---------- Provided records
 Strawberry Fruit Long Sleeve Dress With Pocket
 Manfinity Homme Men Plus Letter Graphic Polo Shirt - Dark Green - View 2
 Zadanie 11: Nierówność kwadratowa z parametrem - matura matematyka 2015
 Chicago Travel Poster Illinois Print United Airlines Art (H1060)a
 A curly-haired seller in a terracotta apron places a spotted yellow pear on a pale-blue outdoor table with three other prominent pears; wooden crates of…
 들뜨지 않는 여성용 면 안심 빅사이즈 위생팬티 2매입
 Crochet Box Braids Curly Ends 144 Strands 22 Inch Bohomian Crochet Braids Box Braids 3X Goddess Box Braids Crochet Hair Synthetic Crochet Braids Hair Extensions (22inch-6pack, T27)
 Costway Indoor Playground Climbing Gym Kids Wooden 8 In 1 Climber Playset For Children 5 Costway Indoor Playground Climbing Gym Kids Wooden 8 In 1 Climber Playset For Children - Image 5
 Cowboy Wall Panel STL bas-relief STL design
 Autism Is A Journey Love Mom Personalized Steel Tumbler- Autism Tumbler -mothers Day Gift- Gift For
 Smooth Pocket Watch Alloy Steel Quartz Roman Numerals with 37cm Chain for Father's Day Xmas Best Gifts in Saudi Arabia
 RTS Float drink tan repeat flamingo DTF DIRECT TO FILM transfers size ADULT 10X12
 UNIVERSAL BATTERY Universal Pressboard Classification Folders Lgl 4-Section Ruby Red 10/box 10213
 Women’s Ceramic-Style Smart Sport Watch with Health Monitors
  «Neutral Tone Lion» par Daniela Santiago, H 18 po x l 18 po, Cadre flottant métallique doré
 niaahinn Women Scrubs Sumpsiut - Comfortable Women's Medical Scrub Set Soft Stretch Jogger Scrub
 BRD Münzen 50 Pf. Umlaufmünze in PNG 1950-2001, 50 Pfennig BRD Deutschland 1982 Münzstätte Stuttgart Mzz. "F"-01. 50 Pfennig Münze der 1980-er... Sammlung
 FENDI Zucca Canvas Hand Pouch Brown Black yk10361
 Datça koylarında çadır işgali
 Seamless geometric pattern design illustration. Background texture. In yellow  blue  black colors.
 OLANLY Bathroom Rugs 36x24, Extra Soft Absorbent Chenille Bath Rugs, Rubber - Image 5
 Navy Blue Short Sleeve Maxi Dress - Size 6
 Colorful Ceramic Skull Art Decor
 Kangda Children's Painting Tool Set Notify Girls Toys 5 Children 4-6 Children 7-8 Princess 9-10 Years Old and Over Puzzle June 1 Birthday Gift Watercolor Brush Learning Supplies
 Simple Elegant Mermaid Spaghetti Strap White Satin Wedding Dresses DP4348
--------------------
- [Your task] Copy out precisely the lines from the line with "UNIVERSAL BATTERY Universal" to the line with "niaahinn Women Scrubs" in the material above, including those two lines and omitting all the rest.

- [Answer section]
 UNIVERSAL BATTERY Universal Pressboard Classification Folders Lgl 4-Section Ruby Red 10/box 10213
 Women’s Ceramic-Style Smart Sport Watch with Health Monitors
  «Neutral Tone Lion» par Daniela Santiago, H 18 po x l 18 po, Cadre flottant métallique doré
 niaahinn Women Scrubs Sumpsiut - Comfortable Women's Medical Scrub Set Soft Stretch Jogger Scrub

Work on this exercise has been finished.